By: Deena Higgs Nenad
J-school students and industry vets tackle the tough questions
Q:A newspaper has been forced to discontinue its print edition and publish entirely on its website. What are some of the advantages and disadvantages the paper might face?
Julia Brenner: 22, senior at University of Wisconsin’s School of Journalism in Madison
Brenner graduates in May and is deciding whether to write for magazines or become a television anchor. She has made video packages for MarketWatch and University of Wisconsin’s Badger Report and was a production associate and writer for her college rag, Curb Magazine.
A:Recently, my grandmother asked me to watch her favorite television program with her. Being the wonderful grandchild that I am, I would have gladly come over, but with job applications looming, the need for Internet access was crucial. She took my declined invitation as an insult because the truth is: My grandmother doesn’t get the Internet. What she does get, both mentally and at her doorstep, is the Chicago Tribune.
Digitalizing newspapers means losing older, faithful readership if those consumers can’t access or understand the Internet. Digitalization diminishes buyer-seller relationships and any sense of demographics when anyone can view articles. Moreover, the Internet is distracting! Ads border websites’ pages, while hyperlinks take readers from a story about Libyan rebels to one about the royal wedding. Hyperlinks may expand our database of knowledge, but it’s only surface deep. Newspapers must inform the public, and an informed public shouldn’t know more about Kate Middleton’s “something borrowed” than conflict overseas.

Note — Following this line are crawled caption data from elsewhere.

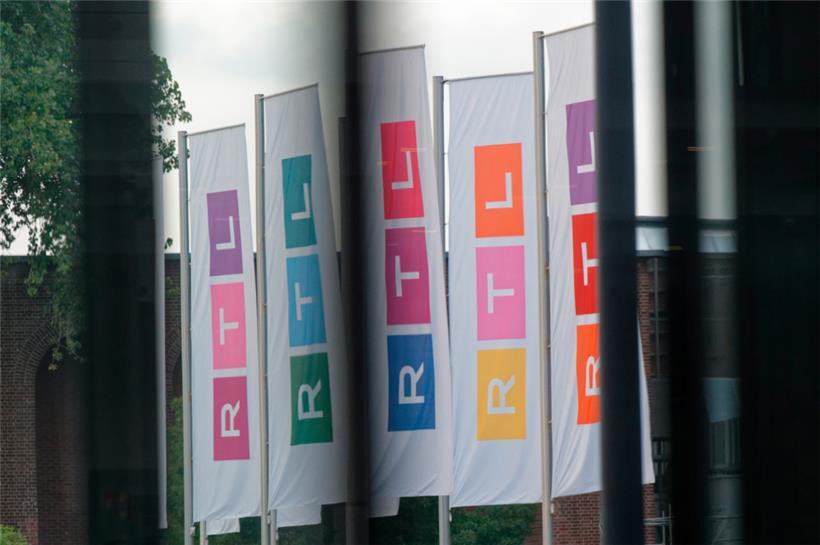 Fahnen des Fernsehsenders RTL stehen auf dem Platz vor dem Firmengebäude

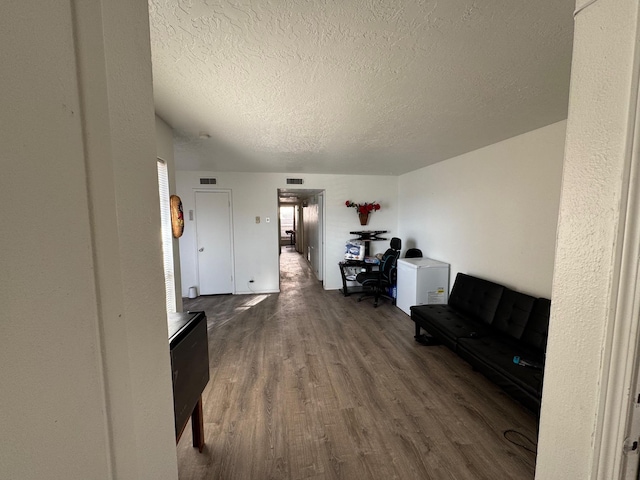 living area with wood finished floors, visible vents, and a textured ceiling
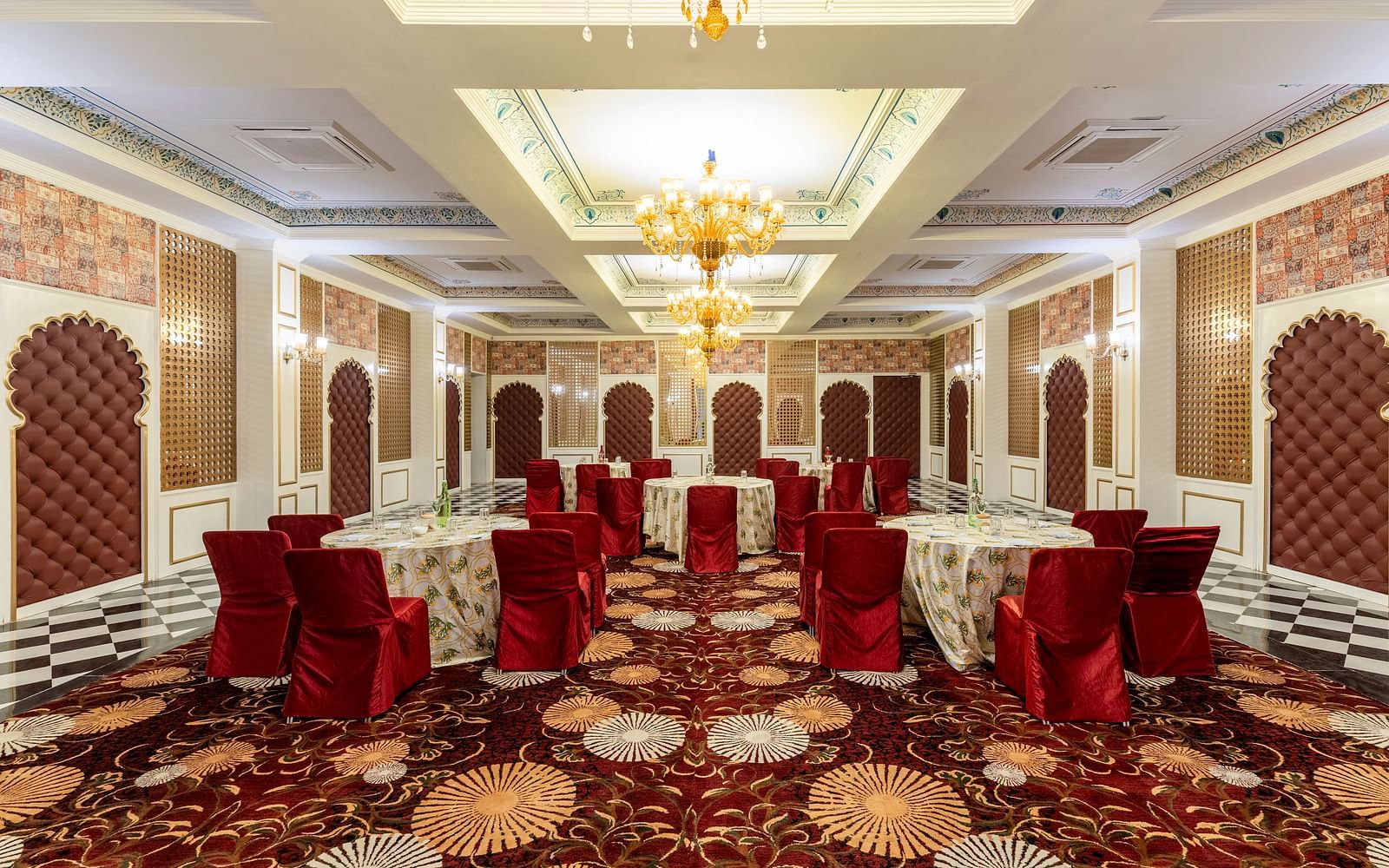 Luxurious banquet hall with red chairs and ornate ceiling at Kesar Bagh Palace.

The upside to digitalization includes increased readership, as well as the use of search engines to specify what readers want to know. This creates opportunities for media agenda setting, allowing newspapers to publish articles deemed newsworthy by the public. Digitalization creates technological opportunities such as applications and videos. The comment section is a plus as well. Instead of waiting days for letters to the editor, an editor can instantly see what issues spark the most interest. Last, newspapers can constantly update their websites. Breaking news is always available, a feature missing with print newspapers.
Advantages do seem to outweigh disadvantages. If this is the future, poor Gram will have to rely on me for news. Don’t worry though; she’s excited about Middleton’s “something borrowed” too.
John Granatino: 57, deputy managing editor/interactive for The Dallas Morning News
For 31 years, Granatino worked news and interactive management positions at other A.H. Belo companies including The Providence (R.I.) Journal and Belo Interactive Media before joining the newspaper in 2009. He lives on a farm south of Dallas with his wife, two dogs, three cats, five chickens, and 10 sheep.
A:Freed from the bonds of print, a “newspaper” can pursue interests and audiences previously out of reach. Once freed, the newspaper no longer has to be manufactured from huge rolls of newsprint, or trucked to readers, or limited in size due to the cost of its physical materials.
Online-only publication provides many advantages. The online paper is not restricted to a limited number of pages each day. Information can be distributed profitably at much lower cost and to far greater distances. If there are to be no restrictions on size, why limit the scope of the publication to news from the last 24 hours? It now can contain searchable archives from the previous week, month, year, decade, or century.
Topically, the paper need not limit its focus to the general interests of a heterogeneous audience that lives nearby. It now has license to specialize (finance, football, theater) and to freely find the audience for those niches even if they live far outside distribution truck routes.
More abstractly, if information costs less and is distributed more broadly, a better informed electorate can make the important governance choices that are its constitutional mandate.
But there is a downside as well. To many, the permanence of the printed page greatly outweighs the immediacy of electrons flickering on a computer screen. And not to forget the profound satisfaction of turning slowly from page to page, taking time to linger on a well-framed photo or the elegant turn of phrase. The physicality of the printed newspaper makes it feel like a place we actually visit to shop for ideas and bargains. No morning coffee ever tasted as good in front of a monitor.